I deserved nothing less than death (Romans 6:23), and I knew it full well. If I were left to my own devices, I would have surely finished first in the race to destruction. But praise be to God that He demonstrated His immeasurable love to me, in that while I was still a sinner, depraved and hating God, He sent His only son Jesus Christ to die, atoning for my sin and reconciling me to God by His grace and gift of faith (Romans 5:8, Ephesians 2:8-9). This is the Gospel that revived my dead soul.
I’m not quite sure the exact moment of my salvation. As I reflect, I know it was sometime around the beginning of high school when God began to grow fruit in my life (Matthew 7:20). What amazes me the most, perhaps, is God’s sovereignty in my life. It was through my selfish and deceptive desire to “serve” in the church that God revealed Himself to me and consequently revealed my sin.
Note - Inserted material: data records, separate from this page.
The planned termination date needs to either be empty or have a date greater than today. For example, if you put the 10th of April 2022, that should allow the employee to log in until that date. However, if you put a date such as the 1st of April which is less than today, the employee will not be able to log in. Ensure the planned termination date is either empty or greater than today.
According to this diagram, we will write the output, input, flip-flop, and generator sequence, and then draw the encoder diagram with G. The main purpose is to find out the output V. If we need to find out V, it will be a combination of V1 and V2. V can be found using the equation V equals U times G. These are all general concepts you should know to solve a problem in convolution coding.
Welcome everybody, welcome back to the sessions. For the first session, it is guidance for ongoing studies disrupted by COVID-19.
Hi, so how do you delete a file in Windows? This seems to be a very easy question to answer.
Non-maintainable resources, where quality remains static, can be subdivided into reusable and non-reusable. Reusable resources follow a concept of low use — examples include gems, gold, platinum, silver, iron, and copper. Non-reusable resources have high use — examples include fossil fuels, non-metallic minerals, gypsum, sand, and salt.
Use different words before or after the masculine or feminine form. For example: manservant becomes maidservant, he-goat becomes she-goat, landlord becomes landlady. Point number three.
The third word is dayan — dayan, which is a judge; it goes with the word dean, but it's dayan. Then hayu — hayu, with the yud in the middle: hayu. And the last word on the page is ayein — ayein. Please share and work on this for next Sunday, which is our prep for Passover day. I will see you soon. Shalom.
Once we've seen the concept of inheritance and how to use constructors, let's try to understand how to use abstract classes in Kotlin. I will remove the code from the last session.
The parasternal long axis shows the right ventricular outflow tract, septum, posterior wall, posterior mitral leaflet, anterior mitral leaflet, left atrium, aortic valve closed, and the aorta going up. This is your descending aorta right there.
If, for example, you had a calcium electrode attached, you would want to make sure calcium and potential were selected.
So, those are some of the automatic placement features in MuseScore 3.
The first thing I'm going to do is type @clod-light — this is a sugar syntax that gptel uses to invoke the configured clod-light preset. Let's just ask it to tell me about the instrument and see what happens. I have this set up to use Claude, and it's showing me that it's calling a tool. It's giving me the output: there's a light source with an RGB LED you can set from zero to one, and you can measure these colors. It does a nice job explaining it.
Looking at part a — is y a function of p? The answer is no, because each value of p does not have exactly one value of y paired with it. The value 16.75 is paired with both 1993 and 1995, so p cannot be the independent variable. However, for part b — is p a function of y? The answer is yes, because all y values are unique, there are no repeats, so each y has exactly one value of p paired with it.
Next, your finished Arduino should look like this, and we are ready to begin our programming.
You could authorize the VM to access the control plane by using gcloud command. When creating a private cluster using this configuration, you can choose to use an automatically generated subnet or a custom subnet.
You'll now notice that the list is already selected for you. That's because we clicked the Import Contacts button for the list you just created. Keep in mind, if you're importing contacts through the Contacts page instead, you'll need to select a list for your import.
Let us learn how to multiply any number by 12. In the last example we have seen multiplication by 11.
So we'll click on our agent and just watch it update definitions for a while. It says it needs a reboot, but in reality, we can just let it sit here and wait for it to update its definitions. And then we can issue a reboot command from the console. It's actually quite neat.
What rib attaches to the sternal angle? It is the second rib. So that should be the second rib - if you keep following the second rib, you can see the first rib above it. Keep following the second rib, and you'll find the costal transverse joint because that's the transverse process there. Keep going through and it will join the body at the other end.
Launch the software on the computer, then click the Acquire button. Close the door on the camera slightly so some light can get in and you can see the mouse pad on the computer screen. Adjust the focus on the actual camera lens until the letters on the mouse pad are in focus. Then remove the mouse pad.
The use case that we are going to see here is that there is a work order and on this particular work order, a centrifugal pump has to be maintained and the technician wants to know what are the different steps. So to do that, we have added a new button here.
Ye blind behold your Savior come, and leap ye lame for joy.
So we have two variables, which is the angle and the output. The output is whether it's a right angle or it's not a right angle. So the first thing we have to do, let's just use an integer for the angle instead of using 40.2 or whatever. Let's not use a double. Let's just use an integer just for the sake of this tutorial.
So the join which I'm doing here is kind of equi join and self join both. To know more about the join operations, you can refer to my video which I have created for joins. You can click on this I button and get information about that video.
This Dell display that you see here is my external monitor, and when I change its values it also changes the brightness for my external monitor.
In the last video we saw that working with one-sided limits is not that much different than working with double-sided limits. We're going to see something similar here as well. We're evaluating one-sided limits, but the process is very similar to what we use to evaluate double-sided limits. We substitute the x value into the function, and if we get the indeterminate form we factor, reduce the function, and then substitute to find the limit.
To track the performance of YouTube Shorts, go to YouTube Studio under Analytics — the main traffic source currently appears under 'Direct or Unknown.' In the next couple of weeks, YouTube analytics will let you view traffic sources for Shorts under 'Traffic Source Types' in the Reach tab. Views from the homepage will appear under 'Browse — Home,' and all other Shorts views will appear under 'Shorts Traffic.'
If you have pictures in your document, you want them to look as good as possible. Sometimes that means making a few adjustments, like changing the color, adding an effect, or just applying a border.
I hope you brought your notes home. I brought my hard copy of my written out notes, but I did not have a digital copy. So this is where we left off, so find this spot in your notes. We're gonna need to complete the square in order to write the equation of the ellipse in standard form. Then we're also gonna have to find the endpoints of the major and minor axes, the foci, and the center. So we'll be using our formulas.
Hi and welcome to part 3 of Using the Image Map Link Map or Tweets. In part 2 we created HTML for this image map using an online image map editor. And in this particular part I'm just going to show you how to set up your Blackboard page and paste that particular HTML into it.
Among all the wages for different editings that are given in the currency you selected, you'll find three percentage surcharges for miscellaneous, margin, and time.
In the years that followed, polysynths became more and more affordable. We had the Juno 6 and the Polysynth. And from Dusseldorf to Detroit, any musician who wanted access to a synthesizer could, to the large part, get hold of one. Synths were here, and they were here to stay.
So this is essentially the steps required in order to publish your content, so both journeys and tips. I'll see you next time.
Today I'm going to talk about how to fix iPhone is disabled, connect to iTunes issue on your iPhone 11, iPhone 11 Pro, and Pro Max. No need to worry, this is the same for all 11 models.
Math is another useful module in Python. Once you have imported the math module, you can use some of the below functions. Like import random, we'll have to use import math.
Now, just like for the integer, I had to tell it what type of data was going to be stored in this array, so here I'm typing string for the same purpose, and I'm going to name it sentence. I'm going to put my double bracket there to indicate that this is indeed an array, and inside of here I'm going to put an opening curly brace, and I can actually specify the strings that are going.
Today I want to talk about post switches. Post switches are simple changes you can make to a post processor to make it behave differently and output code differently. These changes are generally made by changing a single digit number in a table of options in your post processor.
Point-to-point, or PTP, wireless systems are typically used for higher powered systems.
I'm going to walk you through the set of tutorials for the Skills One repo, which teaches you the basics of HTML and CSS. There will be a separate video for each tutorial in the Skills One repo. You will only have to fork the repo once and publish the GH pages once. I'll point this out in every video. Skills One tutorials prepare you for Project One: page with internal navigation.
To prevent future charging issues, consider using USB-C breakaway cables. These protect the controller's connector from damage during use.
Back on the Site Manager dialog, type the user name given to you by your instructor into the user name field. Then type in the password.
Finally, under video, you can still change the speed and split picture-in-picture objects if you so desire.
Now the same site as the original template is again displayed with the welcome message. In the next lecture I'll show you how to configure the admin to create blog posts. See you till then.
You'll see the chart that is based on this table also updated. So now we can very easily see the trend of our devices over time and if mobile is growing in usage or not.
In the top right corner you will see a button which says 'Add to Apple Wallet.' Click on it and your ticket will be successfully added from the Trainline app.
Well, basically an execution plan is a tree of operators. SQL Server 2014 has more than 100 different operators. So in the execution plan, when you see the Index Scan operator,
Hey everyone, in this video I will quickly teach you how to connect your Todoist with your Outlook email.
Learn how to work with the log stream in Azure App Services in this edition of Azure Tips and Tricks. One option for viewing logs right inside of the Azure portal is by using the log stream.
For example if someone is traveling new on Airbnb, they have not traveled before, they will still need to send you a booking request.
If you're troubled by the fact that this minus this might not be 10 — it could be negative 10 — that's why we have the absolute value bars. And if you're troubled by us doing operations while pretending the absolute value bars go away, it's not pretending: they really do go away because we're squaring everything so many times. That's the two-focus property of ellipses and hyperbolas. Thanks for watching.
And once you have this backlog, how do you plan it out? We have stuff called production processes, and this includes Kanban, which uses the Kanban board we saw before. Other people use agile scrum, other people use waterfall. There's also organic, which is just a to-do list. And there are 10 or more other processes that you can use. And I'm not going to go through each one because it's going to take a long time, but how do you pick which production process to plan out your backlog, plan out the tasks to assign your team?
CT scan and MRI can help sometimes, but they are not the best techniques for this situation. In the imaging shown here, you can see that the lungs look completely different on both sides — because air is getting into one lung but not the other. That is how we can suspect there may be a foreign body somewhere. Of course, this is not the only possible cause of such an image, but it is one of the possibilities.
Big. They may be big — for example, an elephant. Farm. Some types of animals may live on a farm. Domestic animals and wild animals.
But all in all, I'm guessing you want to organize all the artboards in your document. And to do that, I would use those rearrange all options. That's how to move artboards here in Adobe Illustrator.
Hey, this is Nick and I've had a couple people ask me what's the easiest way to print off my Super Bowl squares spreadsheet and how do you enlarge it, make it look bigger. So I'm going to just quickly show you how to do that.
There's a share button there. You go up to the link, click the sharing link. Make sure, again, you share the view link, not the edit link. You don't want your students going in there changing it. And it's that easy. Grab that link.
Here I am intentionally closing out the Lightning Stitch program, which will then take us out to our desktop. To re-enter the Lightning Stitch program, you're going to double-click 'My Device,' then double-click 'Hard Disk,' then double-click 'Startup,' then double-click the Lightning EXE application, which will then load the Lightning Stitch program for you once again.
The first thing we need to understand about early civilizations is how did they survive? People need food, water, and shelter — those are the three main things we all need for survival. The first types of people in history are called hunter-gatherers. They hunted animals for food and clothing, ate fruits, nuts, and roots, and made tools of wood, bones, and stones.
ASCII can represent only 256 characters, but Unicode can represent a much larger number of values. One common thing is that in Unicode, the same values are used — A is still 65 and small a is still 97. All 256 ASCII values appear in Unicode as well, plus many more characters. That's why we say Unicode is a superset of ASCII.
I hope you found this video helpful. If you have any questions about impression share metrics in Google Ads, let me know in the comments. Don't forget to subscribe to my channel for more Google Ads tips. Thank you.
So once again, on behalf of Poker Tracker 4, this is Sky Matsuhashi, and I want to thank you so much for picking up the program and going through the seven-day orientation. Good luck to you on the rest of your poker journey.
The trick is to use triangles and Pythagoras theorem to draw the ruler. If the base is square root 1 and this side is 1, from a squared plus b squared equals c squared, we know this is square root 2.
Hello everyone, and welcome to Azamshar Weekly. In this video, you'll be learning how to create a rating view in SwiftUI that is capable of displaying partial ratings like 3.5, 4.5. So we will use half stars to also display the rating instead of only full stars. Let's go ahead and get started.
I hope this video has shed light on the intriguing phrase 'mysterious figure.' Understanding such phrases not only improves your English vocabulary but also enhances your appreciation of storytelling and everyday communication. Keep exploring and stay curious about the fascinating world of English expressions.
Through my involvement in music, the church leadership provided many godly mentors to guide me towards loving God and His Word. It was through these servants feeding me His Word that God allowed me to begin grasping the reason we worship: God’s perfect holiness, His beautiful Gospel, and the fact that we were created to worship. In light of such majesty and glory, God revealed my sin to me for the first time as it truly was: an immense and incredible offense to a perfect and just God. Thankfully, He did not stop there. He revealed His forgiveness, His kindness, His mercy, His love; I could go on forever. In turn, by this irresistible grace and peace, I looked to him in desperation and repentance as He taught me (and still is teaching me) to surrender all to Him.
Though saved, I still sin, and in my imperfection, will continue to until I die. But all glory be to God that He has renewed my mind to hate my sin (Romans 12:2). It is through God’s faithful supplication that I can fix my eyes on Him as Lord to wage war on the flesh daily. It is through His grace and mercy that I can be continually humbled and sanctified in His righteousness. What a blessing it is for our duty of worship and submission to also be our greatest, unmatched joy. Because I will fail to put such a miracle into words, I would encourage you to consider 1 Peter 1:8-9 ESV, which reads “Though you have not seen Him, you love Him. Though you do not now see Him, you believe in Him and rejoice with joy that is inexpressible and filled with glory, obtaining the outcome of your faith, the salvation of your souls.”
Now, God’s faithfulness is as clear to me as it has ever been. Being surrounded by wonderful (and wonderfully weird) brothers and sisters who love God and His Word has convicted me to grow my desire for Him and His Word even more, and to hate my sin more and more. The love of God manifesting through His servants time and time again here at GOC, has been an unspeakable blessing, and I have nothing but excitement in my heart to see God work in the years to come.